*What is being asked*
Pictures in the listing below are skipped, while the lines from the "Used 2025 Honda Accord SE image 72" line through the "Certified 2025 Hyundai" line are returned word for word.

*Data section*
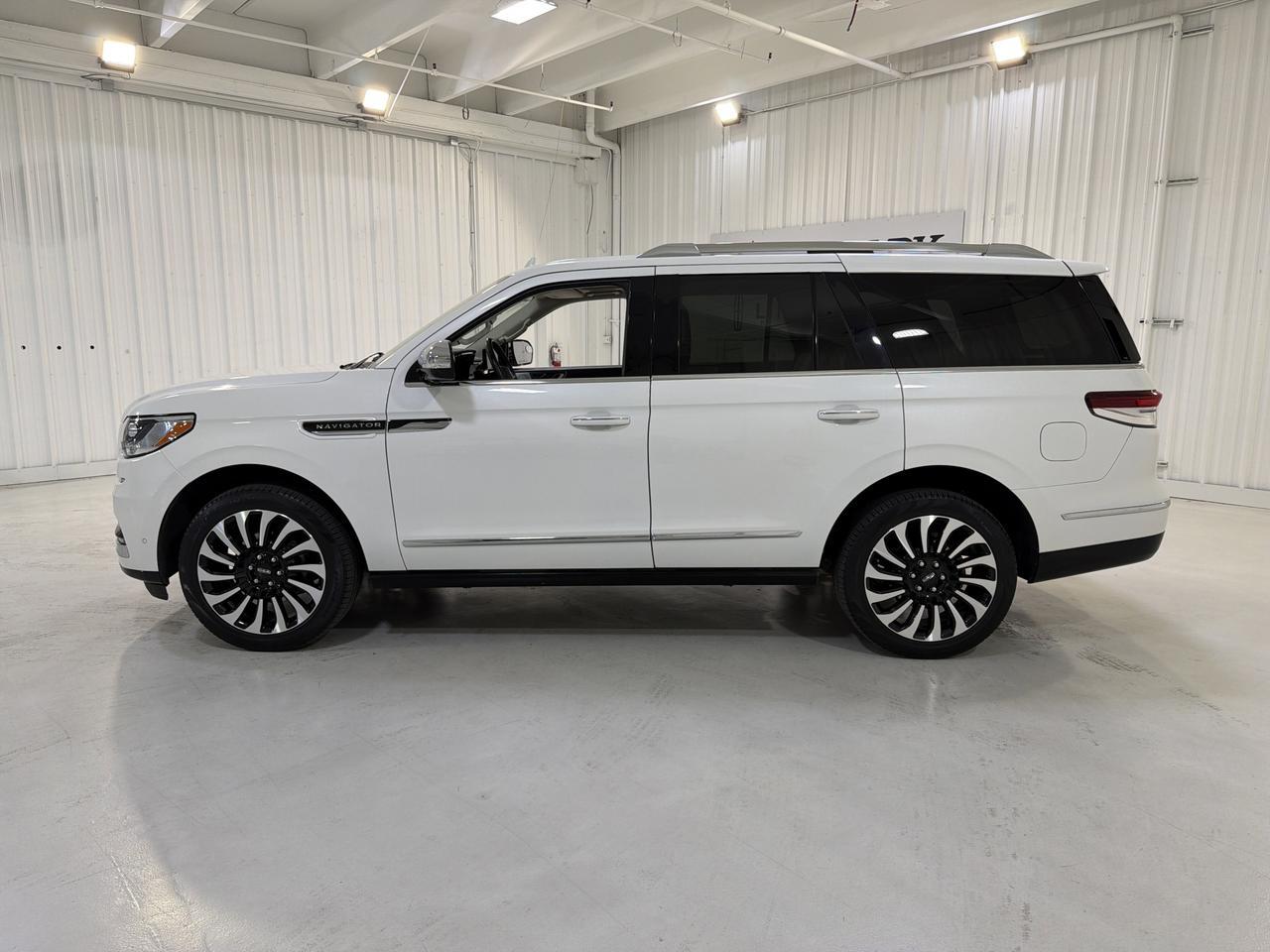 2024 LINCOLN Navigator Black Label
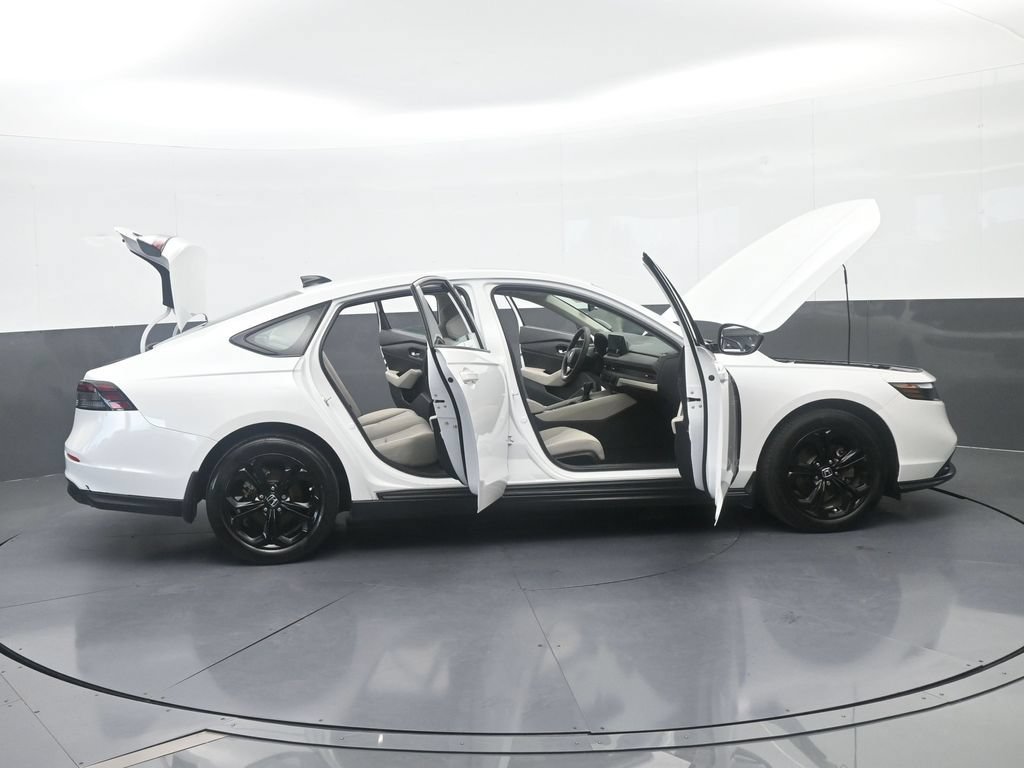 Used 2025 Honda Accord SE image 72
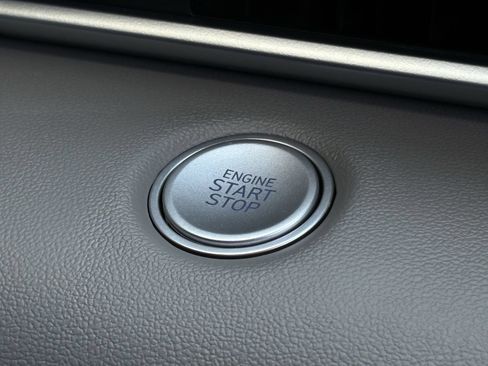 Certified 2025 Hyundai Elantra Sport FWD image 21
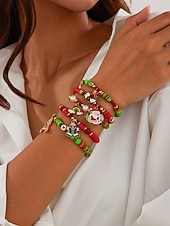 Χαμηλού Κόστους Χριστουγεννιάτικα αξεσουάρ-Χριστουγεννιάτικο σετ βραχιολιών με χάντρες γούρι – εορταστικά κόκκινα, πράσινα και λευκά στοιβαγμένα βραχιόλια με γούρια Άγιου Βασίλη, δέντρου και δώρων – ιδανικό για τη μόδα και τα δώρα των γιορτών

*Answer space*
 Used 2025 Honda Accord SE image 72
 Certified 2025 Hyundai Elantra Sport FWD image 21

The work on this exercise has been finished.